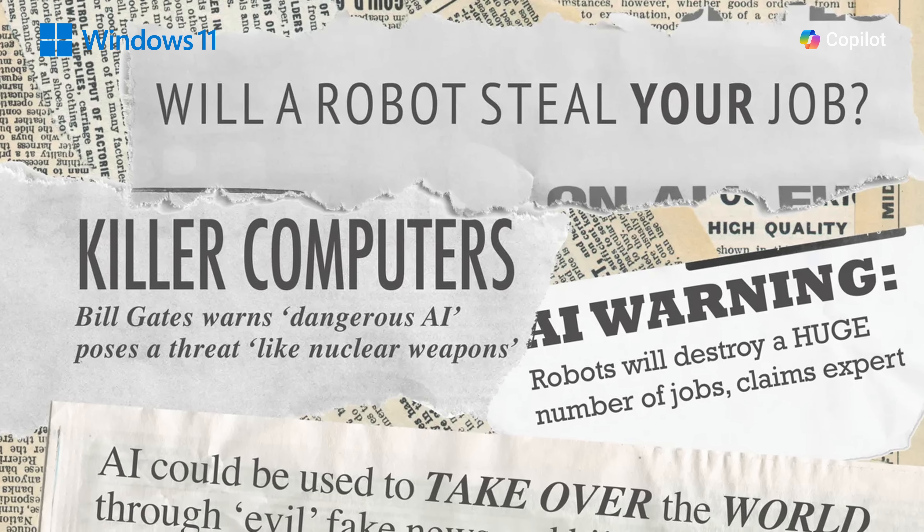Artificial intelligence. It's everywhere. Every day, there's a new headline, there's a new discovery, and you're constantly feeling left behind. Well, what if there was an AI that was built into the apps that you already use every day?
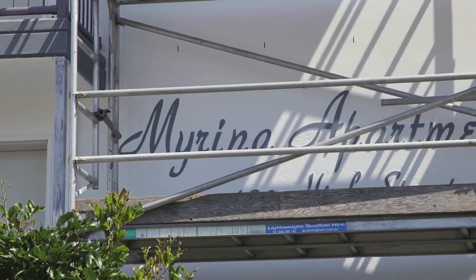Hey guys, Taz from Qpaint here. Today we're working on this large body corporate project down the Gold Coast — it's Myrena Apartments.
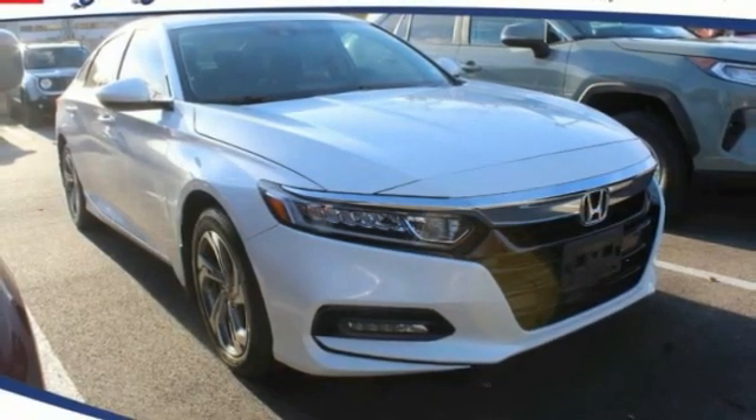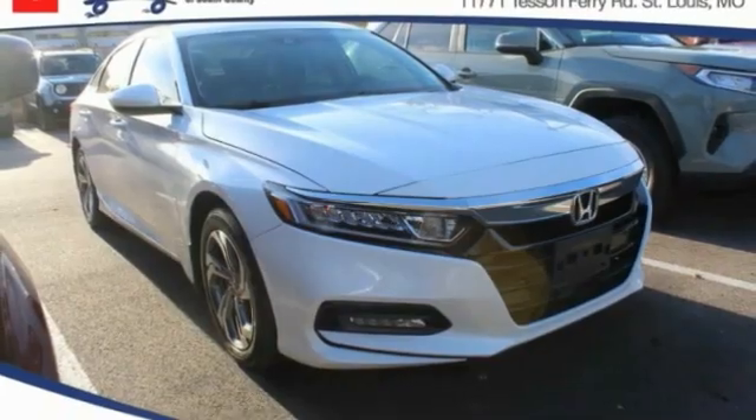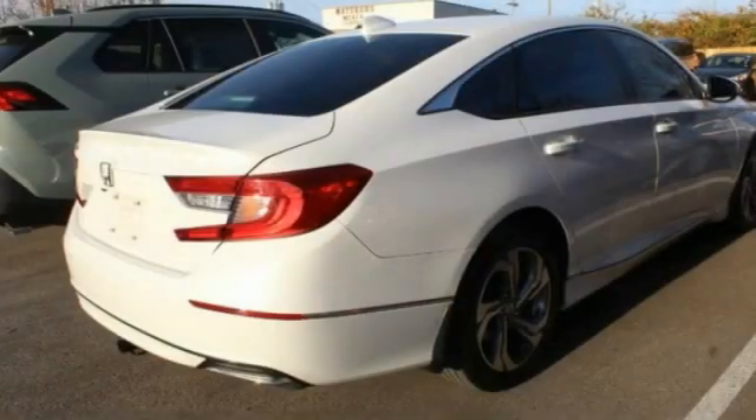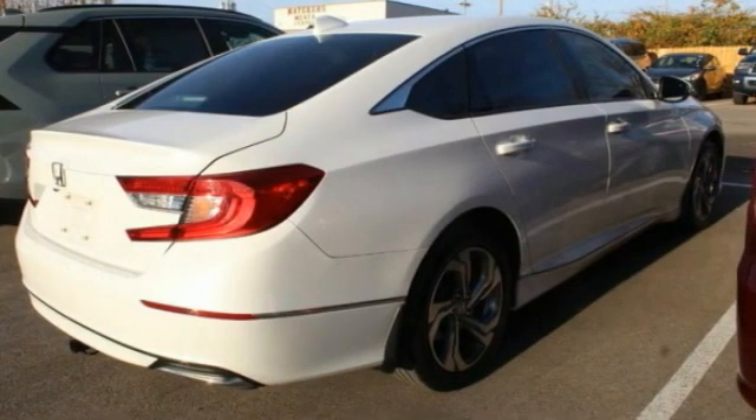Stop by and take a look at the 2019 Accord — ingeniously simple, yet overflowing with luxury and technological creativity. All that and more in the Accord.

| EXERCISE INSTRUCTIONS |
Go to the line containing "Hey guys, Taz", then write out word for word every line from there to the end of the listing. Keep both end lines and drop the pictures.

| WRITTEN REPLY |
Hey guys, Taz from Qpaint here. Today we're working on this large body corporate project down the Gold Coast — it's Myrena Apartments.
Stop by and take a look at the 2019 Accord — ingeniously simple, yet overflowing with luxury and technological creativity. All that and more in the Accord.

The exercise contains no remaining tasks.